General
Image Spam
An anti-spam company's founder explains this increasingly
troublesome scourge of e-mail.
What is it?
An "Image Spam" is a spam e-mail that contains its sales pitch in the
form of an image, such as a JPEG or GIF image. There may be no other content
in the e-mail, or it may include nonsensical text, unrelated text such
as jokes or news reports, or simply gibberish.
Why image spam?
As content-filtering spam software became more sophisticated and accurate,
spammers found it more difficult to pitch their wares using normal text
or HTML messages. As a result, they turned to encoding their sales pitch
as an image. This completely bypasses most anti-spam content-filters,
because they cannot analyze the words in the images.
How can we combat image spam?
It turns out that image spam can be detected quite accurately using the
same techniques that fight other spam:
The gibberish or nonsense text included with image spam very quickly
becomes "red-flag" text for a Bayesian filter. A distributed Bayesian
database such as Roaring Penguin's Training Network adapts extremely quickly
to most image spam.
An image with little or no accompanying text is also a red flag, because
almost all legitimate mail that contains images also includes a reasonable
amount of body text.
Normal connection-level techniques such as greylisting and DNS-based
RBLs continue to be effective against image spam.
What about OCR?
Some anti-spam vendors have resorted to using Optical Character Recognition
tools to extract the text from an image spam for analysis. Unfortunately,
OCR has met with limited success.

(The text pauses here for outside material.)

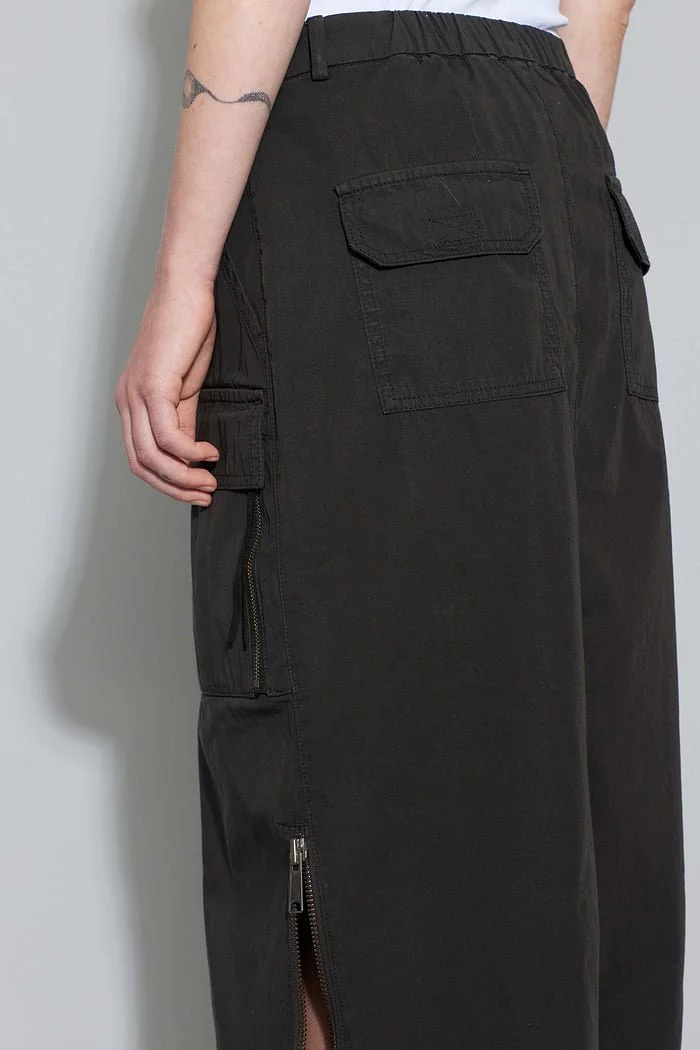 black arrow maxi skirt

The state-of-the-art in OCR is not very
advanced. Furthermore, OCR tools are not designed to extract text from
an image that is actively being manipulated by an adversary. Spammers
have reacted to OCR tools by obfuscating the text in the images they send.
The obfuscated text is still relatively easy for humans to recognize,
but very difficult for OCR tools to extract.
In addition to the accuracy problem, OCR is very compute-intensive and
can greatly slow down a content filter.
End
|